Steve Pakola: Sure. Hi Jack. Yes. So, taking the first part of your question, the duration from a regulatory standpoint as far as follow-up. We’ve gotten very clear feedback back as far as the end of Phase 2 meeting that allowed us to finalize the pivotal program that really is a class requirement having one-year safety and efficacy data, which also was somewhat informed by efficacy, but predominantly by gene therapy aspect. We’ll also have longer term follow-up data from a lot of the patients from our pretty sizable safety database. And we actually already have from our Phase 1/2 data base out through four years, good safety and also good durability from an efficacy standpoint. So, I think both based on other programs, even outside the eye that have shown durability out even beyond a dozen years, for example, in hemophilia with the same AAV serotype AAV8.

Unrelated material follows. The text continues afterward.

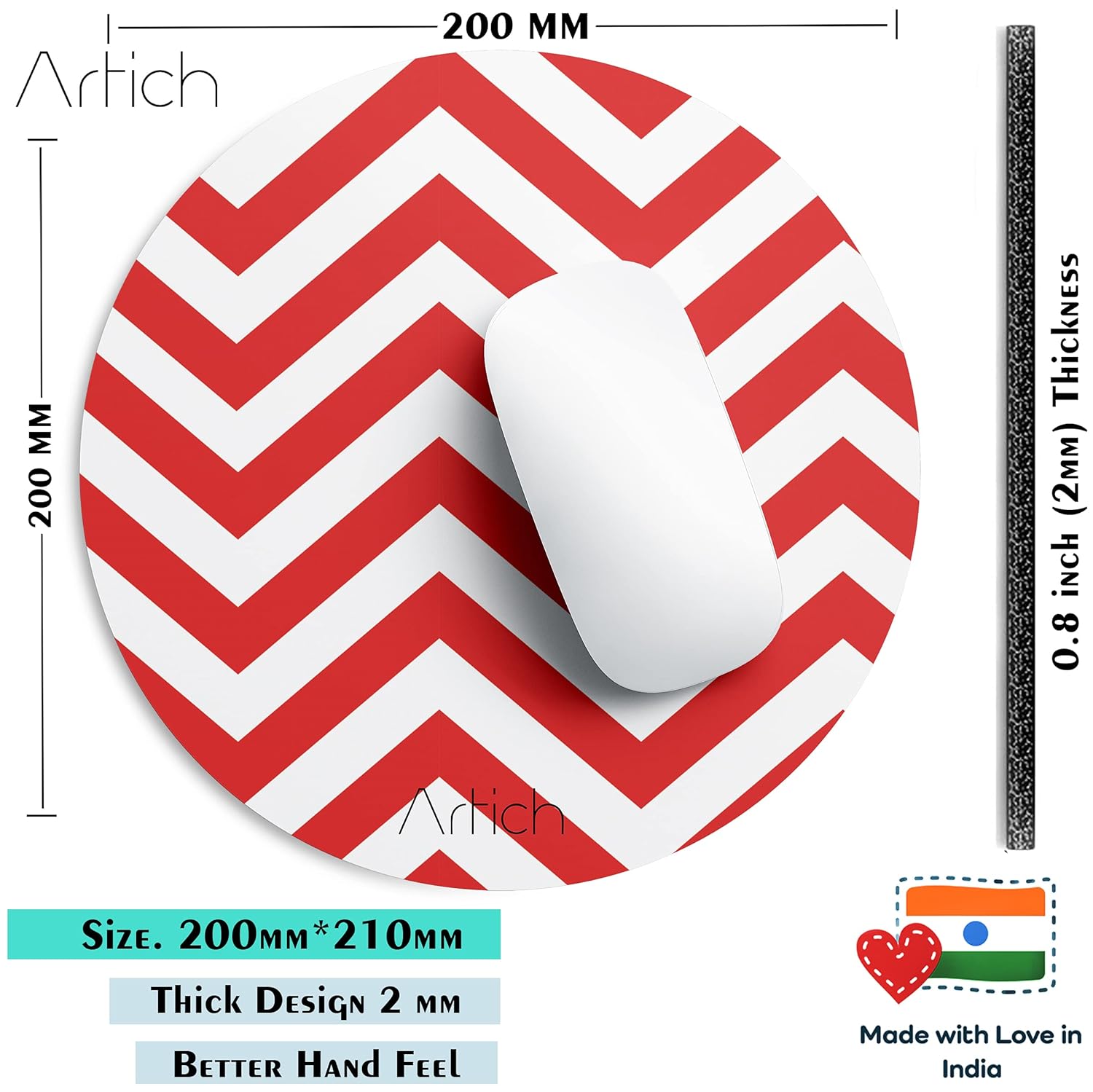 Artich Designer Gaming Mouse Pad (Red White Zig-Zag Lines)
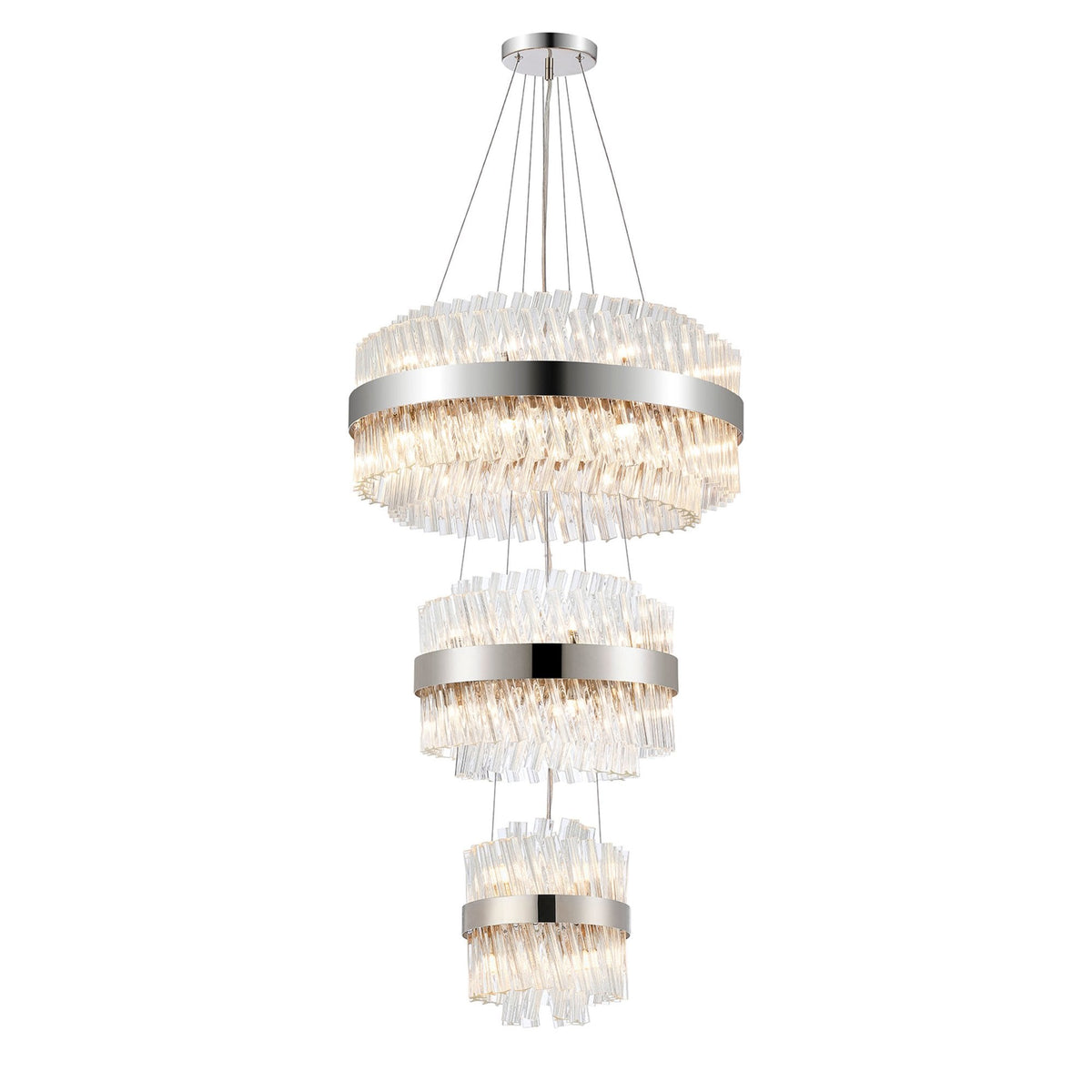 Kelly Three Tier Pendant 25cm, 40cm & 60cm Tiers in Polished Nickel & Clear Glass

And then now our own data gives us a lot of confidence on duration of efficacy. And I think that’s obviously going to inform the value proposition, having durable efficacy evidence. And the value proposition importantly is more than just decreasing treatment burden and visit burden. Really, the big unmet need here is by breaking the barrier of the treatment burden, it ensures that these patients aren’t going to have the ongoing sustained anti-VEGF activity that they need to prevent vision-threatening complications that they simply aren’t getting now both in terms of wet AMD and diabetic retinopathy because of the treatment burden. So, there’s various layers of the value proposition, treatment burden, visit burden, and actual vision and complication outcomes.
Ken Mills: Yes. And I would add, Jack, that I think it’s pretty well-established by a lot of different sources that the cost of the cost related to blindness that’s associated with wet AMD is on an annual basis, something that can be in excess of $100,000 a year and that’s separated from the cost of drug. So, when we think about a wet AMD patient, you’re talking about the life expectancy might be on the order of 10 to 15 years. I think in the real world, there’s a need there for recovering the vision that is being lost because people aren’t staying compliant with the existing treatments and the cost and the — obviously, the effect that that’s having on a productivity basis with respect to the effect that it has on the families of those patients as well, is significant.
And so durability is everything. I like how Steve brought up the four-year evidence, which just continues to grow. It’s there as a backstop for things on a regulatory basis, but I think also important in the commercial setting.
Unidentified analyst: Great. Thanks so much.
Operator: Our next question comes from the line of Mani Foroohar with Leerink Partners.
Mani Foroohar: Hey, guys. Thanks for taking the question. Obviously, you have fund decisions to make, but obviously the right thing to do. You’ve outlined the press release a little bit of detail around about $100 million of savings, et cetera, couple of years. Could you give us a sense of where that tempo is? Like should we expect that to drop in immediately starting in 1Q and be fairly linear on a quarterly basis? Or is it something that’s a little more front loaded, a little more backward over the first couple of years? And beyond that, how should we think about post that two-year period, what is the implication on OpEx longer term?